Dioldehydrase: An Essential Role for Potassium Ion in the Homolytic Cleavage of the Cobalt−Carbon Bond in Adenosylcobalamin

Abstract
The complex of dioldehydrase with adenosylcobalamin (coenzyme B12) and potassium ion reacts with molecular oxygen in the absence of a substrate to oxidize coenzyme and inactivate the complex. In this article, high performance liquid chromatography and mass spectral analysis are used to identify the nucleoside products resulting from oxygen inactivation. The product profile indicates that oxygen inactivation proceeds by direct reaction of molecular oxygen with the 5‘-deoxyadenosyl radical and cob(II)alamin.
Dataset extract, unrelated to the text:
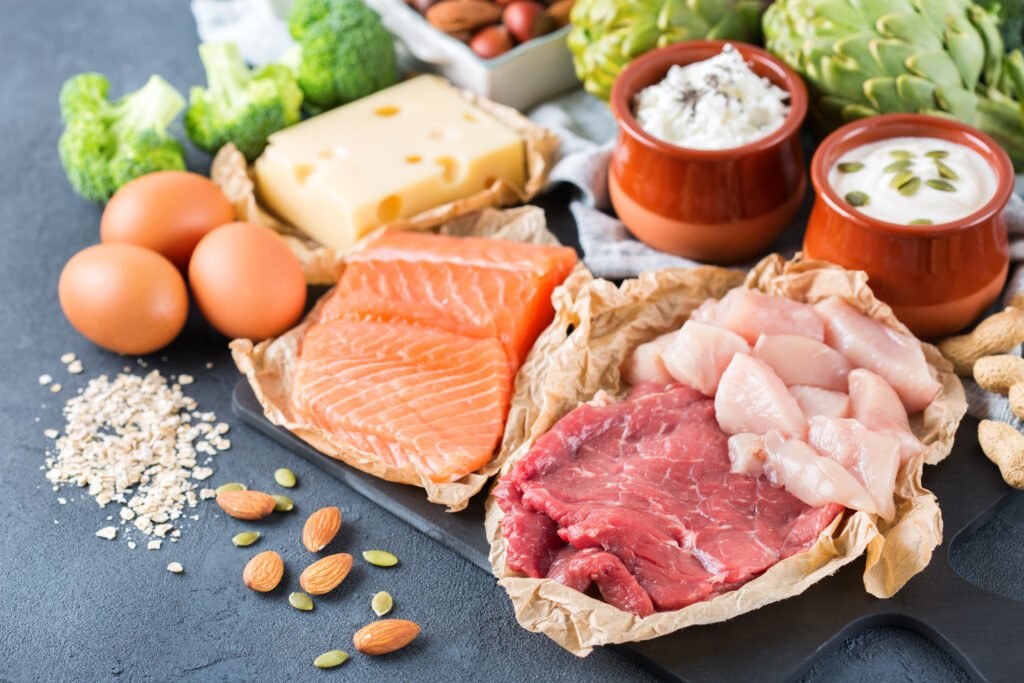 Assortment of healthy protein source and body building food. Meat beef salmon chicken breast eggs dairy products cheese yogurt beans artichokes broccoli nuts oat meal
Formation of 5‘-peroxyadenosine as the initial nucleoside product chemically correlates this reaction with aerobic, aqueous photoinduced homolytic cleavage of adenosylcobalamin (Schwartz, P. A., and Frey, P. A., (2007) Biochemistry, in press), indicating that both reactions proceed through similar chemical intermediates. The oxygen inactivation of the enzyme−coenzyme complex shows an absolute requirement for the same monocations required in catalysis by dioldehydrase. Measurements of the dissociation constants for adenosylcobalamin from potassium-free (Kd = 16 ± 2 μM) or potassium-bound dioldehydrase (Kd = 0.8 ± 0.2 μM) reveal that the effect of the monocation in stimulating oxygen sensitivity cannot be explained by an effect on the binding of coenzyme to the enzyme. Cross-linking experiments suggest that the full quaternary structure is assembled in the absence of potassium ion under the experimental conditions. The results indicate that dioldehydrase likely harvests the binding energy of the activating monocation to stimulate the homolytic cleavage of the Co−C5‘ bond in adenosylcobalamin.